Now we are ready for our experimentation. Try keeping actors like TF1Actor and TF2Actor as thin wrappers over model weights as they rarely change. That way, we don’t need to redeploy them very often.

We can then experiment over them like in trial.py

# trial.py

import ray

ray.init(namespace="serve")

a1 = ray.get_actor(namespace="serve", name="TF1Actor")
a2 = ray.get_actor(namespace="serve", name="TF2Actor")

ref = a1.act.remote(name="Rajiv")
result = ray.get(ref)
print(result)

ref = a2.do.remote(name="Rajiv")
result = ray.get(ref)
print(result)

If we run it:

"python $DEV_DIR/raya-trial/trial.py"

You should see

TF:2.10.0: Rajiv
TF:2.12.0: Rajiv

I enjoyed making this :) (well, except for the one whole day I had to debug a crazy timing bug)

Caching

Even if we have these models up as actors and they are long running, they mostly will have the same prediction for the same input.

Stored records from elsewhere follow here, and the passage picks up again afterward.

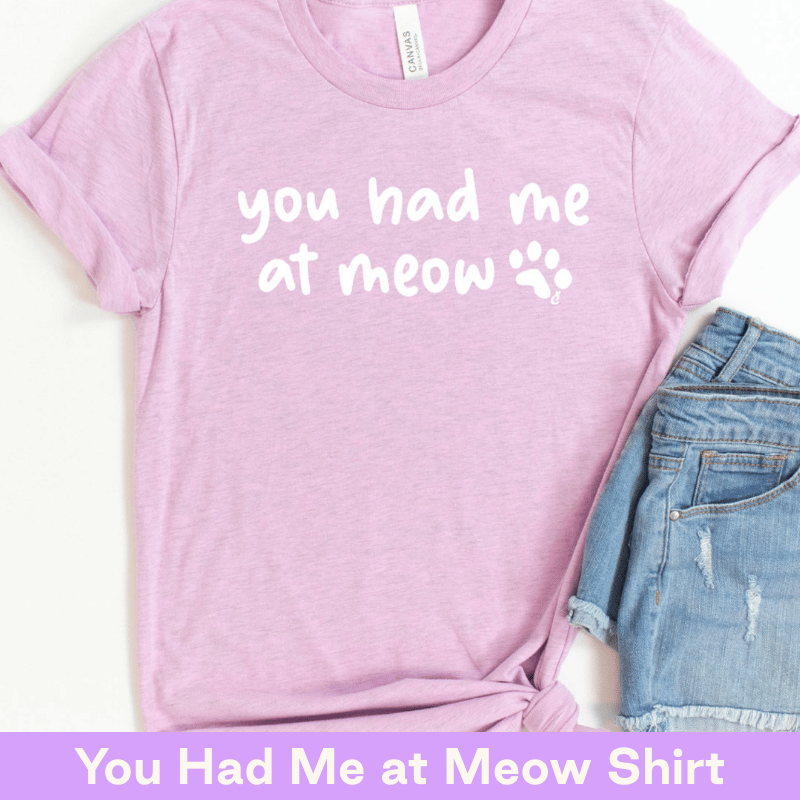 Size 3XL Sale Shirts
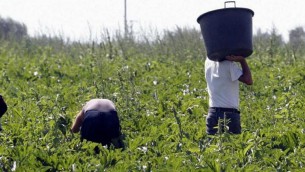 Lavoratori stagionali, procedura d'infrazione Ue contro l'Italia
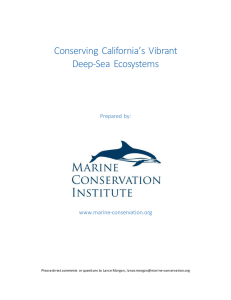 Conserving California`s Vibrant Deep-Sea Ecosystems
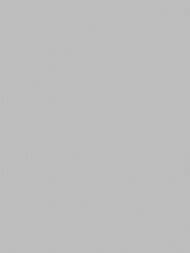 ���� ��������� �� ��������� Wiganford All time Trend Art (1,06�10,05) �����, WG0501 (���.)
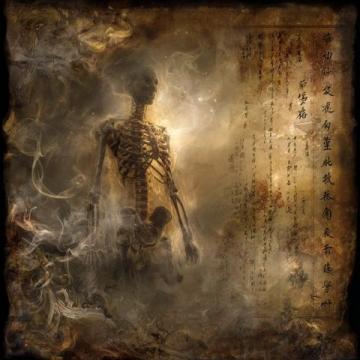 传统养生气功修炼的底层逻辑(中医养生的底层逻辑包括)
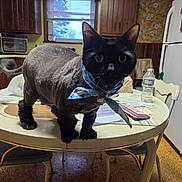 Hunter is registered to the contest to win money with this photo: animal, bandana, cat, chair, curious, curtains, domestic, floor, furniture, indoor, kitchen, notebook, pen, pet, refrigerator, table, vintage, water_bottle, window, wood_paneling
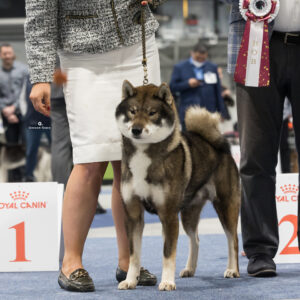 Miyuki Best of Breed at the European Dogshow 2021 Budapest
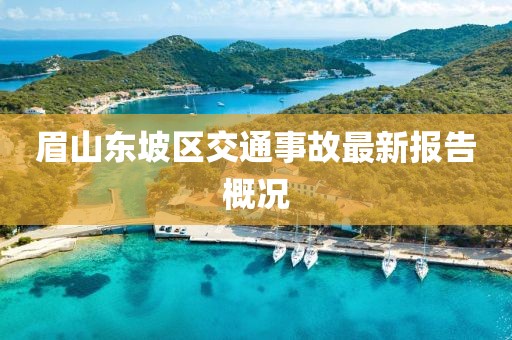 眉山東坡區(qū)交通事故最新報告概況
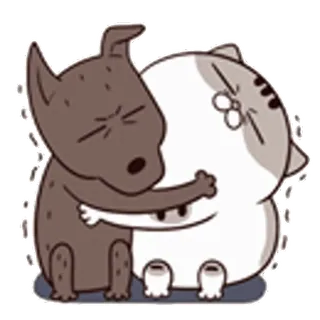 🙀 Hund, Katze, Freundschaft, Umarmung, süß, Tier, Cartoon telegram sticker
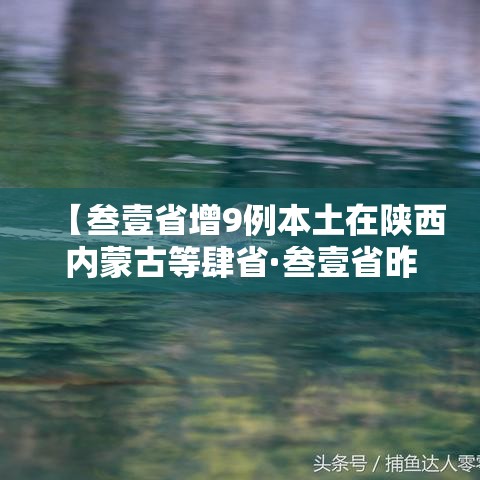 【叁壹省增9例本土在陕西内蒙古等肆省·叁壹省昨增本土肆柒 叁叁壹例】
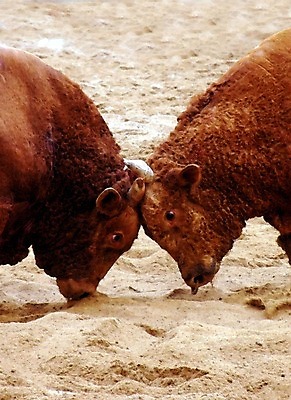 포토 JPG 동물 한국전통 모래 두마리 이벤트 경기 사람없음 축제 전통놀이 가축 소 황소 싸움 민속 전통행사 소싸움 세시풍속 국내포토 전통 스포츠 2 포유류 모션 놀이 한국 파일형식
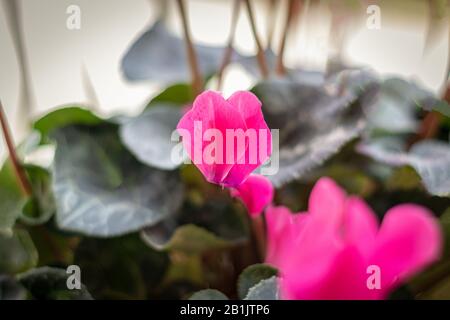 Cyclamen fleurs dans un pot de fleurs maison, rose, pourpre, et blanc. Au début de l'hiver, fleurir les feuilles vert foncé. Isolé par un fond flou. Banque D'Images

Since model predictions on CPUs can take seconds, why not cache the output? Only pylru seems to work in a Ray Actor. So..

# caching_model/actor.py

import raya
from pylru import lrudecorator # <--------------
import time

class CachingModelActor(raya.Actor):
    def __init__(self):
        print("================= In Caching Model init ====================================")

    @lrudecorator(100) # <-------------------
    def act(self, name):
        time.sleep(5)
        print("================= In Caching Do ====================================")
        return f"Hi {name}"

I put a sleep for 5 seconds to simulate a slow model. My trial file is:

# trial_caching.py
import ray
import time

ray.init(namespace="serve")

a = ray.get_actor(namespace="serve", name="CachingModelActor")

st = time.time()
ref = a.act.remote(name="Rajiv1")
result = ray.get(ref)
print(result)
print(f"Time1:{time.time() - st}")

st = time.time()
ref = a.act.remote(name="Rajiv2")
result = ray.get(ref)
print(result)
print(f"Time2:{time.time() - st}")

# This should return quickly
st = time.time()
ref = a.act.remote(name="Rajiv1")
result = ray.get(ref)
print(result)
print(f"Time1:{time.time() - st}")

Running "python $DEV_DIR/raya-trial/trial_caching.py gives


Hi Rajiv1
Time1:5.054863452911377 # <---------- returned in 5 secs
Hi Rajiv2
Time2:5.024395227432251
Hi Rajiv1
Time1:0.0022411346435546875 # <--------------- returned in 0 secs

There are additional small features like copy_env_vars which will copy your local environment variables to the Ray Cluster

Notes

For production, Ray does not recommend using Runtime Environments(source). It’s probably because it will pip install the libraries on first load which can take a few seconds. They recommend putting it all in a docker image so it’s fast to load. So that means, when it actually comes to moving to production and you have models with conflicting dependencies, you’ll have to create separate Ray clusters. I think this is easiest with Kubernetes. However, we currently use the above approach in production as we have retries on the client side and rolling upgrades.

Caveats

In the current implementation of raya, the method arguments have to be explicitly mentioned. e.g. like name in args. ref = a2.do.remote(name="Rajiv"). args. ref = a2.do.remote("Rajiv") won’t work
Ray Serve: Though I used named actors as an alternative to an distrbuted endpoint, Ray has it’s own endpoint framework called Ray Serve. It’s feature rich and in production, that’s probably what one should use. However, it’s not strictly a conflict between Ray Serve and Named Actors. The way I differentiate right now is that if I want to expose an endpoint to external systems(both external and internal to the company not runninng on the same Ray cluster), I’ll use Ray Serve. But within a cluster, I’d like to explore named actors. However, I feel that at some point, I’ll have to move from named actors to serve components internally to a cluster too, mostly for rolling upgrades (or someone writes rolling upgrades for actors please!). So is this work all lost? I hope not, because one experiment I’d like to try is to transparently create a Ray Serve Object automatically from raya.Actor just like I have created a Ray named actor transparently right now.
Ray runtime environments don’t give complete isolation unlike Docker. If we have conflicting binaries, then we have a problem. One workaround is to pack the binaries in a bin folder local to the project and use that in our ray code but I’m not sure if all OS dependencies can be handled that way. My number one wish list is to be able to run each job/named actor in it’s own container while still accessible in a ray cluster like conventional Ray Actors. Ant Group have done this for their internal Ray code in Java and I can’t wait to see it land for Python in Ray.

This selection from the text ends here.